- **WORK TO BE COMPLETED**
Could you give back every entry below exactly, with the pictures dropped?
────────
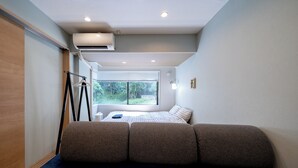 A narrow room with a bed, a window, and a hanging light fixture. - Akasaka Roppongi area with elevator Quiet high-class residential apartment close to train station (港区)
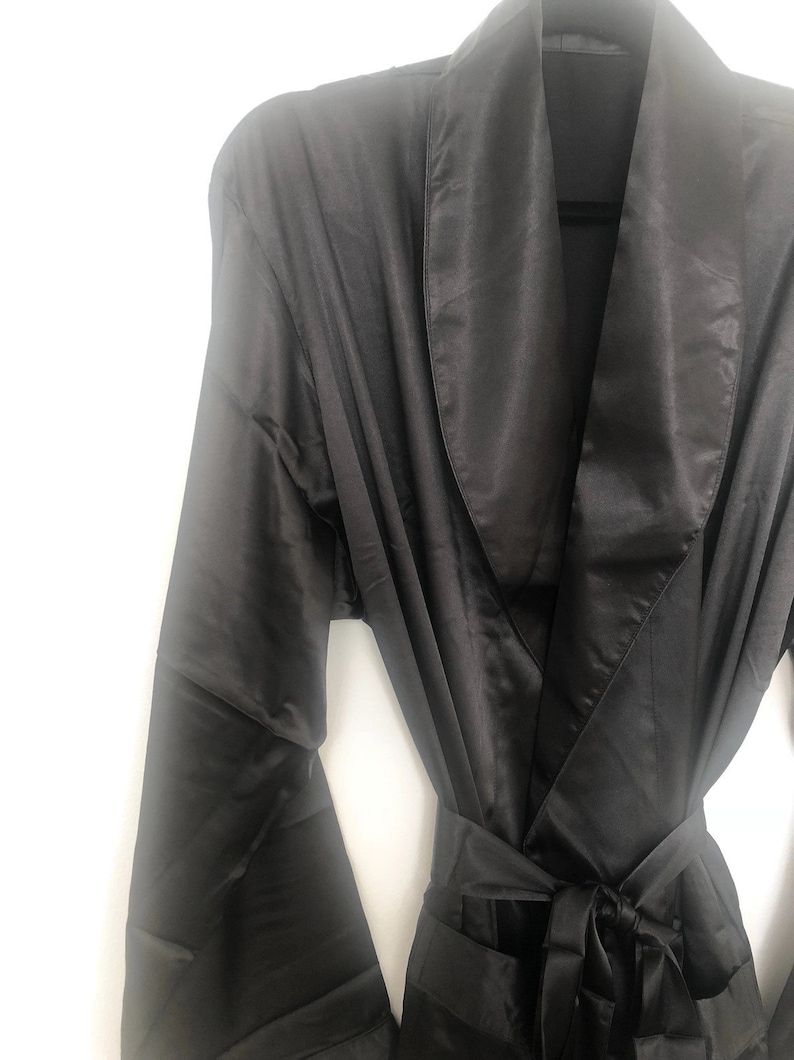 May include: A black satin robe with a shawl collar and a tie belt.
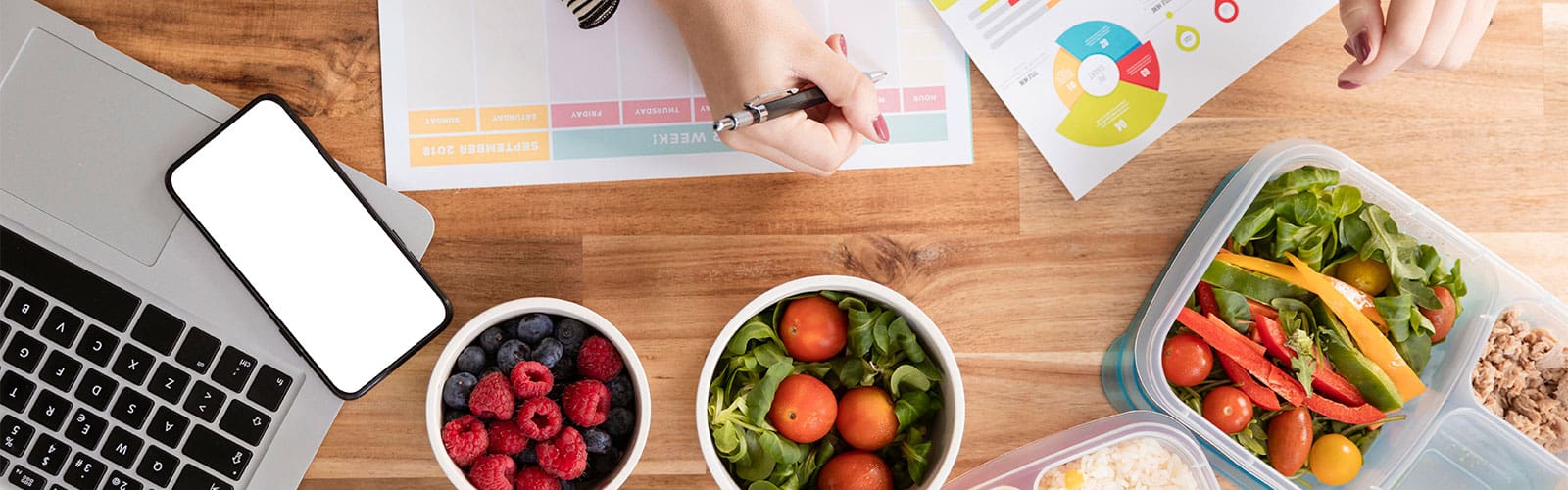 Fresh healthy salads with colorful vegetables and berries for nutritious meal options.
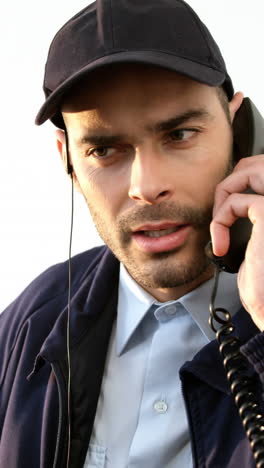 Security-guard-talking-on-phone-while-working-on-computer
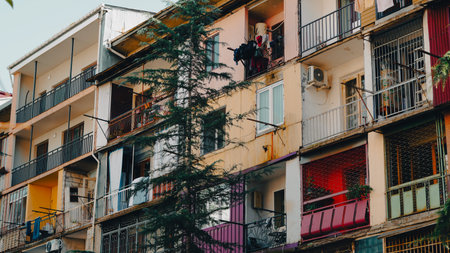 Multi-story apartment building featuring balconies and greenery in an urban environmentの写真素材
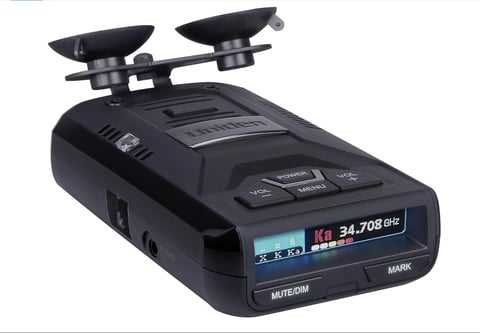 Black radar detector with dual antennas on top and digital display showing frequency reading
────────
- **YOUR SOLUTION**
 A narrow room with a bed, a window, and a hanging light fixture. - Akasaka Roppongi area with elevator Quiet high-class residential apartment close to train station (港区)
 May include: A black satin robe with a shawl collar and a tie belt.
 Fresh healthy salads with colorful vegetables and berries for nutritious meal options.
 Security-guard-talking-on-phone-while-working-on-computer
 Multi-story apartment building featuring balconies and greenery in an urban environmentの写真素材
 Black radar detector with dual antennas on top and digital display showing frequency reading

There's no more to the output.